AVAILABLE RECORDS Block Start

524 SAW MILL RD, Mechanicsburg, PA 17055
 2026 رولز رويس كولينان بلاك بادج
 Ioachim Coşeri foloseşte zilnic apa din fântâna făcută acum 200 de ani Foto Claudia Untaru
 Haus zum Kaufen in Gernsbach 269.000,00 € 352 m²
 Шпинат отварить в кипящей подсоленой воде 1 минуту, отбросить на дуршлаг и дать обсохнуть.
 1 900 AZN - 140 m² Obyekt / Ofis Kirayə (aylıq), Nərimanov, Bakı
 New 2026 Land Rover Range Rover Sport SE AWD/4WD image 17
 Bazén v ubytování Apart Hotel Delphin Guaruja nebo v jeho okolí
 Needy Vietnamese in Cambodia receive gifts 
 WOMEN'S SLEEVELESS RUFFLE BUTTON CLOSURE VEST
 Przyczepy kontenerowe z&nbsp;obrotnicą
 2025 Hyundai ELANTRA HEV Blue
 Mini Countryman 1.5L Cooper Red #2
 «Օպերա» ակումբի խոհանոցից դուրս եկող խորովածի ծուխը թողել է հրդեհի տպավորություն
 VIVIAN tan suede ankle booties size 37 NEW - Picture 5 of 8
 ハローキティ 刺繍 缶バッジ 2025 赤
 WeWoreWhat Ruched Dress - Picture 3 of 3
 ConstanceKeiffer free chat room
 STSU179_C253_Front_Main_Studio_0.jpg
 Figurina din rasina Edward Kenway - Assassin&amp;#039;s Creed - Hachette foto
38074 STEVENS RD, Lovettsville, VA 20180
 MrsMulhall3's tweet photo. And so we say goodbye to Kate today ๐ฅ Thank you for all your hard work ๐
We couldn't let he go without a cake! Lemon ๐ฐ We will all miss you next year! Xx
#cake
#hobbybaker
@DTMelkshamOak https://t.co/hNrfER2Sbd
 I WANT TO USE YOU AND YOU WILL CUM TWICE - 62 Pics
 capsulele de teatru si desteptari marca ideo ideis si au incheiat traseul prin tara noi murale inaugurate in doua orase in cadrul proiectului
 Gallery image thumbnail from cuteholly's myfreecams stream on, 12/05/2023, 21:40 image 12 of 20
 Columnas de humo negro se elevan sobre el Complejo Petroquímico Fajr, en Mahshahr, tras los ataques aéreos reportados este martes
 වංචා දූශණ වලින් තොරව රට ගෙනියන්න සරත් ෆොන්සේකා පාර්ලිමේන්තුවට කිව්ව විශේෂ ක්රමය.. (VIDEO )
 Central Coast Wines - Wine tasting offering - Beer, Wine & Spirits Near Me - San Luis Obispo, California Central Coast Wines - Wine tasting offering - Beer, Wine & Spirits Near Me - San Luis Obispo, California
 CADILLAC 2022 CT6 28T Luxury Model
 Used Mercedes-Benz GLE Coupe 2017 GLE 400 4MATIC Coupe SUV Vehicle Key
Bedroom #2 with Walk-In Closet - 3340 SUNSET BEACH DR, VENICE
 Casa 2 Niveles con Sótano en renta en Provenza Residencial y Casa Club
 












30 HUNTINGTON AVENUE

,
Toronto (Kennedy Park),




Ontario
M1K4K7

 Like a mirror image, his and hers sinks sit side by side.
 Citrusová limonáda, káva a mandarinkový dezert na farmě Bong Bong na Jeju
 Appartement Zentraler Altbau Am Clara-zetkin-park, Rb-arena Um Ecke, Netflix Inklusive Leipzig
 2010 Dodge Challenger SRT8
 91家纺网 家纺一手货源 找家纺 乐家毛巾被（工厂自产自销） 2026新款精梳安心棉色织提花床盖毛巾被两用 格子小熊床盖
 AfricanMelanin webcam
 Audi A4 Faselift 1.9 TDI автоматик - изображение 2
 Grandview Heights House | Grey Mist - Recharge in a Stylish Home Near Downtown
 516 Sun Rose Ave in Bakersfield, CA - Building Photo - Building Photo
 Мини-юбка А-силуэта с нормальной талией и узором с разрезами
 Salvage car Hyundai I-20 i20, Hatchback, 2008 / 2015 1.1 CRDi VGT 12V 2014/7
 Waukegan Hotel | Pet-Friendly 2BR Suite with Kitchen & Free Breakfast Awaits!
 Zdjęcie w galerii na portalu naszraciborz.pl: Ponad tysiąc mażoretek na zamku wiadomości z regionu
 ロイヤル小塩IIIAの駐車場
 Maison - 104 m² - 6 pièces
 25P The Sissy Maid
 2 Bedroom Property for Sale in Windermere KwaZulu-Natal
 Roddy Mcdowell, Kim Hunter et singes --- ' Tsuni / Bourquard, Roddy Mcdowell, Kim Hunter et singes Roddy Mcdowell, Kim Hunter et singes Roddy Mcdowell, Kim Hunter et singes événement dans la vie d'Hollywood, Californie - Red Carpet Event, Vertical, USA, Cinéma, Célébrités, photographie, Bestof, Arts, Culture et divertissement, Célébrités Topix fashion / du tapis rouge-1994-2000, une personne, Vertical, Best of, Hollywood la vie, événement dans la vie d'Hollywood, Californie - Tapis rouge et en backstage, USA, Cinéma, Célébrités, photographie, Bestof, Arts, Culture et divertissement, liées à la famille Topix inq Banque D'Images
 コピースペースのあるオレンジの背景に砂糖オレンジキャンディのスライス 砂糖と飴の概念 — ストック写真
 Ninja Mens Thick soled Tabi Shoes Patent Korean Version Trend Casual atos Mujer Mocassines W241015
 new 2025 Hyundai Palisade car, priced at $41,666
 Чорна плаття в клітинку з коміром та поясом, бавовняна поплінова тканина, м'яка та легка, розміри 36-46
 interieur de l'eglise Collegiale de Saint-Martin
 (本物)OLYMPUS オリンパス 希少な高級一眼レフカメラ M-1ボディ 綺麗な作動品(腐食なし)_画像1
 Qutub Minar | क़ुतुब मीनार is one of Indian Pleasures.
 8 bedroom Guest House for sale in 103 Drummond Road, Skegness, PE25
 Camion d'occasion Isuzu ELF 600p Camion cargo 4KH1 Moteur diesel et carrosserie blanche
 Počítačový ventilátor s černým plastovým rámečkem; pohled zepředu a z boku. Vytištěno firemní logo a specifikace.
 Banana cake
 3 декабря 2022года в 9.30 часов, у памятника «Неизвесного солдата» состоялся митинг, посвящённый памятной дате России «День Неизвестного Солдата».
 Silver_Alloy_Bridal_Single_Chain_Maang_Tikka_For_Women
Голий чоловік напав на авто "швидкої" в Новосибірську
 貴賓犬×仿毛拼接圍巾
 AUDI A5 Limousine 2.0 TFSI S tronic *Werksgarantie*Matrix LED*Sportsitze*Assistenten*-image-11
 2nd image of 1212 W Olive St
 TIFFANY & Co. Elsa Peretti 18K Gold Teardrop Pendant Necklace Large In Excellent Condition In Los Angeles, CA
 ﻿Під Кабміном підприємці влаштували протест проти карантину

AVAILABLE RECORDS Block End

# [REQUIREMENT]
Whenever the string "Picture" shows up in a line above, copy that line.

# [ANSWER AREA]
 VIVIAN tan suede ankle booties size 37 NEW - Picture 5 of 8
 WeWoreWhat Ruched Dress - Picture 3 of 3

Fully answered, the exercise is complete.